Na szczęście pomimo stereotypu, jaki z pewnością – częstokroć nieświadomie –aktywizuje się podczas recepcji przekazu telewizyjnego, autorom Przyjaciół udało się przemycić elementy niezgodne z powszechnymi wyobrażeniami. Pytanie, czy ktoś dostrzega te różnice czy też ulega wielkiej, medialnej trywializacji?

Monika Geller wprawdzie zarabia gotując, ale zostaje przecież szefem kuchni i sama zaczyna prowadzić restaurację. Nie można jej także odmówić asertywności czy siły fizycznej i pewności siebie [6]. W pewnej scenie samodzielnie rozmontowuje stół do piłkarzyków, w innej zaś siłuje się z bratem. Ponadto uwielbia współzawodnictwo, w czym nie dotrzymuje jej kroku żaden z męskich bohaterów. Zdecydowanej, chciałoby się rzec stereotypowo męskiej postawy nie brakuje również Phoebee Buffay. Fakt, że urodziła dzieci bratu (metoda in vitro) dowodzi niezwykłej odwagi, ale w pewnym sensie burzy wszakże standardową wizję matki-rodzicielki. Podobny efekt zapewniają popisy jej kryminalnych, jakkolwiek prześmiesznych, ciągot i umiejętności. Pozwolę sobie w tym miejscu wyrazić nadzieję, że to właśnie ze względu na różnice w sztampowym portretowaniu, bohaterki kultowego serialu Friends zostaną zapamiętane przez widzów (na zasadzie hipotezy kontaktu Allporta [7]).

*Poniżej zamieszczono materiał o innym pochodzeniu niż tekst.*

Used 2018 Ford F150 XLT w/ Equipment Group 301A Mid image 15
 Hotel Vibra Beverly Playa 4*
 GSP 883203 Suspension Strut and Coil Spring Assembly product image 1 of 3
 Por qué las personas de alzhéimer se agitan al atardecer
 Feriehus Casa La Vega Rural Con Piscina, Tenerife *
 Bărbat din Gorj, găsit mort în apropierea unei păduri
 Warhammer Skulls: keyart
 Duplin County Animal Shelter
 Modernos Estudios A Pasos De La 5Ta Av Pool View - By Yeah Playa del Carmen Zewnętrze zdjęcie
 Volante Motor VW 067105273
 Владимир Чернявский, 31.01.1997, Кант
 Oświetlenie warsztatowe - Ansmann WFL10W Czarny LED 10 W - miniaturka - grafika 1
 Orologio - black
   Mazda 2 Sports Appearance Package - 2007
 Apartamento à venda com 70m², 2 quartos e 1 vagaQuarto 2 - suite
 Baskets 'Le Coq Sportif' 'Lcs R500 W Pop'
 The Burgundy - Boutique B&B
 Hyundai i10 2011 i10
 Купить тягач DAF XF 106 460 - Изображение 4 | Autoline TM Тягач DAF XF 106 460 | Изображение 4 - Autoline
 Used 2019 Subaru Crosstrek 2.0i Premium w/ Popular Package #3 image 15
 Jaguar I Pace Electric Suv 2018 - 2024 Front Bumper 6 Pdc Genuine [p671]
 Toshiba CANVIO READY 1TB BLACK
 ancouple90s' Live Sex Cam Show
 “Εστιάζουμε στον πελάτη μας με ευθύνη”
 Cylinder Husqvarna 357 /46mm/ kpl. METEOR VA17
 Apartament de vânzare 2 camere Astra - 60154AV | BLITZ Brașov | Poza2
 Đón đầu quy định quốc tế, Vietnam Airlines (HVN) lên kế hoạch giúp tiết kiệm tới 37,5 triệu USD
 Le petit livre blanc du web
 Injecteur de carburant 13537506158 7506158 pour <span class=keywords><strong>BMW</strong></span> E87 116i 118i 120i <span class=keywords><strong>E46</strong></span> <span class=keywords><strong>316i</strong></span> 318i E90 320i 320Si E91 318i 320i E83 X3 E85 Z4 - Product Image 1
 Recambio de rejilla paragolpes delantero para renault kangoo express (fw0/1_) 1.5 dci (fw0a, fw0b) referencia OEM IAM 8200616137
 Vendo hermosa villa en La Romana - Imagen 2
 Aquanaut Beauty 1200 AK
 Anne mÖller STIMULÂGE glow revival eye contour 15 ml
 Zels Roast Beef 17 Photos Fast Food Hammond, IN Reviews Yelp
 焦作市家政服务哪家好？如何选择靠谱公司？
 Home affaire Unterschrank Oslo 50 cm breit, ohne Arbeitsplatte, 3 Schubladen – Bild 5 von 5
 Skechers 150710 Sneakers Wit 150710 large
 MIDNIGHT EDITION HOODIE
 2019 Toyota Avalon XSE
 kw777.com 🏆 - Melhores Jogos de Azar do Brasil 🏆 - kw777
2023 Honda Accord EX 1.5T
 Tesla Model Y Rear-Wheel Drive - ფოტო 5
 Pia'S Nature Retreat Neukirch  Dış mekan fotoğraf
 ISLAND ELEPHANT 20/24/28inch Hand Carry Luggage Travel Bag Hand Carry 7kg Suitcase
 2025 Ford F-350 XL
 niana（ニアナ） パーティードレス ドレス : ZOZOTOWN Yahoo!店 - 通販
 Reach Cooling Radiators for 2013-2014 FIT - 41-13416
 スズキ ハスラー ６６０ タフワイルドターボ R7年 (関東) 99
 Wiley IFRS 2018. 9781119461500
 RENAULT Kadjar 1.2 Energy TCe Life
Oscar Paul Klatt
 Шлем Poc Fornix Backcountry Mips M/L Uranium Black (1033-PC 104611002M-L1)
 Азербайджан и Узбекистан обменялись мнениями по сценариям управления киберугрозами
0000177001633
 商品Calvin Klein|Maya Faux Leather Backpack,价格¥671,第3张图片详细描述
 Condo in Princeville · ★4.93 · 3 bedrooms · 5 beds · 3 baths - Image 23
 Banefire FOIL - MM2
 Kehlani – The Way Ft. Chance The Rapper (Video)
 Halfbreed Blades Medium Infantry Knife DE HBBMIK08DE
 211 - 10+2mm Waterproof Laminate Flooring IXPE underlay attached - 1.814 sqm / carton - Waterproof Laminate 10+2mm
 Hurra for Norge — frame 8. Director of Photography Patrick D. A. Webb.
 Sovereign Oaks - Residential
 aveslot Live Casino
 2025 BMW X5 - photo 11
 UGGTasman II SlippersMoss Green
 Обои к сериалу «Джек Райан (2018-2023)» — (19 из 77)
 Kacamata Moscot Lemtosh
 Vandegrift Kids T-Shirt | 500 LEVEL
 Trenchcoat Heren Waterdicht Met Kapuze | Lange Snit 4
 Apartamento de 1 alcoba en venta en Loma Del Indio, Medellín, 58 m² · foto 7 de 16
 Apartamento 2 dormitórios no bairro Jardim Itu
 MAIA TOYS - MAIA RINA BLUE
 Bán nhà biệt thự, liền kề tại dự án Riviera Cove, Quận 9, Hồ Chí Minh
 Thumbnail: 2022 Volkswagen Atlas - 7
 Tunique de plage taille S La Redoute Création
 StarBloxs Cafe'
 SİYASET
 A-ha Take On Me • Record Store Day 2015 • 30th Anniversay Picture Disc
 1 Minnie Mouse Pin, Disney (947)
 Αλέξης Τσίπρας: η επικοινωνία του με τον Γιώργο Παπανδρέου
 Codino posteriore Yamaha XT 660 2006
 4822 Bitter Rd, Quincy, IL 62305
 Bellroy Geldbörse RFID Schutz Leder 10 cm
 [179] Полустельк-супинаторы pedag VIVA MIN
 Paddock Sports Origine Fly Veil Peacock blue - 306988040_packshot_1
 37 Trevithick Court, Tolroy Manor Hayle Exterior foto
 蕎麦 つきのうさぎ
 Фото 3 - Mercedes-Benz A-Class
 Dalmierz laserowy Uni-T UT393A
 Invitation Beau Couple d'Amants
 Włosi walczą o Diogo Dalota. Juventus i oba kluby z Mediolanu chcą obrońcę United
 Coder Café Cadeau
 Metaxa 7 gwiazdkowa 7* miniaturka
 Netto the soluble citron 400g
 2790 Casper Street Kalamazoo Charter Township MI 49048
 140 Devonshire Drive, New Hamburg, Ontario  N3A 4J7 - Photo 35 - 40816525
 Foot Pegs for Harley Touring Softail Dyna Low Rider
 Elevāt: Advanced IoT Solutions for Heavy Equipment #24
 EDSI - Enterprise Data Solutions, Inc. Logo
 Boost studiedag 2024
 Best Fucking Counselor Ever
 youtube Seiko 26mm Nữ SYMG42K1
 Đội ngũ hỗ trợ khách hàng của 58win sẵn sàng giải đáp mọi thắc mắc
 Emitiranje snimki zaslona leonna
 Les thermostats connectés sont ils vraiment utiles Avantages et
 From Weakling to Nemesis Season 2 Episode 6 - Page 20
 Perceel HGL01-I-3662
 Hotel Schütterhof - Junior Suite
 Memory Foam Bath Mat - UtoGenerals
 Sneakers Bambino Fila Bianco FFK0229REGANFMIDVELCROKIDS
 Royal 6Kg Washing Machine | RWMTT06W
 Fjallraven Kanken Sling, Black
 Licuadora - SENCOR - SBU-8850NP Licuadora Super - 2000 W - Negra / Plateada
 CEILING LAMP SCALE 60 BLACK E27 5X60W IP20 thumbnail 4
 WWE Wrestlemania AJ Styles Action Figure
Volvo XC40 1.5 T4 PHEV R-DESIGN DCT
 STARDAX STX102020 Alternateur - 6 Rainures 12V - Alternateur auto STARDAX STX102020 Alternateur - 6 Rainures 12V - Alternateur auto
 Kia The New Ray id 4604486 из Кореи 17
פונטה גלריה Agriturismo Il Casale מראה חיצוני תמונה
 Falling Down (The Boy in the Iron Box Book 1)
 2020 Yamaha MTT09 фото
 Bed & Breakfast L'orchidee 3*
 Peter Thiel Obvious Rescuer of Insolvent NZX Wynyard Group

Scenarzyści nie oszczędzili jednocześnie wizerunku mężczyzny. Nade wszystko główni bohaterowie, zwłaszcza Joey i Chandler, całkiem często okazują sobie uczucia poprzez uściskanie, obejmowanie, a nawet przytulanie. Amerykańskiej widowni zasiadającej w trakcie realizacji programu to nie dziwi, ale już homoerotyczne aluzje tę samą publiczność rozbawiają niemiłosiernie, i gro telewidzów z pewnością też. Przykładowo: kiedy Ross, schodząc z kolegą po schodach przeciwpożarowych, przypadkiem dotyka swoim kroczem twarzy Joey’a lub kiedy ta sama dwójka w jednym z odcinków wspólnie zasypia, niemal leżąc na sobie, by po przebudzeniu stwierdzić, że była to najlepsza w ich życiu drzemka. Tego rodzaju opisy osobom nie oglądającym show wydadzą się jednoznaczne. A to nic innego jak tylko bezlitośnie zabawna i rozbrajająca kontestacja sztywnych ram relacji między heteroseksualnymi mężczyznami. Gra z hetero-męskością.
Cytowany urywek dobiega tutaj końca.